Life cycle: perennial

Habit: grass

Native status: Native to Hawaii  

Hawai’i Quillwort: A Rare Hawaiian Treasure Worth Protecting Meet the Hawai’i quillwort (Isoetes hawaiiensis), one of Hawaii’s most endangered and specialized native plants. This isn’t your typical garden plant – in fact, it’s definitely not something you’d want to try growing in your backyard. But understanding this remarkable little survivor ...

Rare plant alert!

Region: Conservation status by state

Status: S1: Status is uncertain but is somewhere between the following rankings: Critically Imperiled: Extremely rare due to factor(s) making it especially vulnerable to extinction. Typically 5 or fewer occurrences or very few remaining individuals (<1,000) ⚘

Hawai’i Quillwort: A Rare Hawaiian Treasure Worth Protecting

Meet the Hawai’i quillwort (Isoetes hawaiiensis), one of Hawaii’s most endangered and specialized native plants. This isn’t your typical garden plant – in fact, it’s definitely not something you’d want to try growing in your backyard. But understanding this remarkable little survivor can deepen our appreciation for Hawaii’s unique ecosystems and the urgent need for conservation.

What Exactly Is a Quillwort?

Don’t let the name fool you – quillworts aren’t actually related to grasses at all! The Hawai’i quillwort belongs to an ancient group of plants called lycophytes, making it more closely related to ferns than to the grasses it resembles. These perennial plants look like small tufts of grass-like leaves emerging from wetland areas, but they’re actually living fossils that have been around for hundreds of millions of years.

Instead of producing flowers and seeds like most plants we’re familiar with, quillworts reproduce using spores – much like ferns and mosses. This gives them a prehistoric charm that connects us directly to Earth’s ancient plant heritage.

Where Does It Call Home?

Isoetes hawaiiensis is found exclusively in Hawaii, making it what scientists call an endemic species. This means it evolved in isolation on the Hawaiian islands and exists nowhere else on Earth.
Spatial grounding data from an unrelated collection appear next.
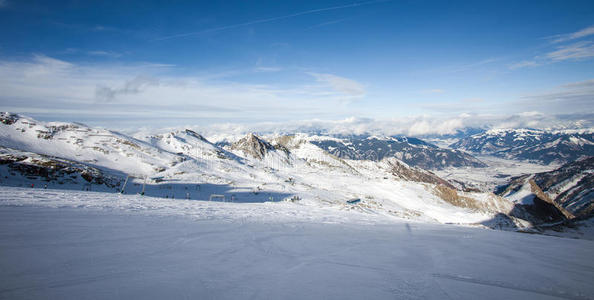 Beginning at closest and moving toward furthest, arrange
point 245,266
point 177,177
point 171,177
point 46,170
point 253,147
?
1. point 245,266
2. point 46,170
3. point 171,177
4. point 177,177
5. point 253,147

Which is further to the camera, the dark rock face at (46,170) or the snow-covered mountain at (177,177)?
the snow-covered mountain at (177,177)

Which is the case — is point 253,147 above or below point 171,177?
above

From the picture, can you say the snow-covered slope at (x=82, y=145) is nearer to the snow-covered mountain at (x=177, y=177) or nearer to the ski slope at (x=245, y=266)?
the snow-covered mountain at (x=177, y=177)

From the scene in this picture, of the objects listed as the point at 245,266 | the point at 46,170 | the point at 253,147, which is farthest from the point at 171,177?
the point at 253,147

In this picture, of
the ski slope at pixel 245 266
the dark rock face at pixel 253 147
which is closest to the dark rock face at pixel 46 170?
the ski slope at pixel 245 266

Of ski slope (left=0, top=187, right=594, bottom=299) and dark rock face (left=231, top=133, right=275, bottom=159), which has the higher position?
dark rock face (left=231, top=133, right=275, bottom=159)

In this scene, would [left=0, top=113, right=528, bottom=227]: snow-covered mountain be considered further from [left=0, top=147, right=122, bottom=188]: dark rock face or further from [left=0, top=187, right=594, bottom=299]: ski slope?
[left=0, top=187, right=594, bottom=299]: ski slope

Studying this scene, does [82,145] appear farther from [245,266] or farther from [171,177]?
[245,266]

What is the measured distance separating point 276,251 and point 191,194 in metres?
55.8

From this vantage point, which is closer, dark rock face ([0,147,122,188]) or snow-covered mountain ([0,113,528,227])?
dark rock face ([0,147,122,188])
Currently, this rare plant can only be found in Hawaii’s specialized wetland habitats.

A Plant in Crisis

Here’s where things get serious: the Hawai’i quillwort is critically imperiled, with a conservation status of S1. This designation means there are typically fewer than 1,000 individual plants remaining in the wild, often across just five or fewer locations. Every single plant matters for the survival of this species.

This rarity status is precisely why you shouldn’t attempt to grow Hawai’i quillwort in your garden – even if you could successfully recreate its specialized wetland conditions. Any collection from the wild could push this species closer to extinction.

Why This Plant Matters

As an obligate wetland species, the Hawai’i quillwort plays a crucial role in Hawaii’s aquatic ecosystems. These plants:

  • Help stabilize wetland soils with their root systems
  • Contribute to the overall biodiversity of Hawaiian wetlands
  • Serve as indicators of healthy wetland conditions
  • Represent millions of years of unique evolutionary history

Growing Conditions (For Understanding, Not Cultivation)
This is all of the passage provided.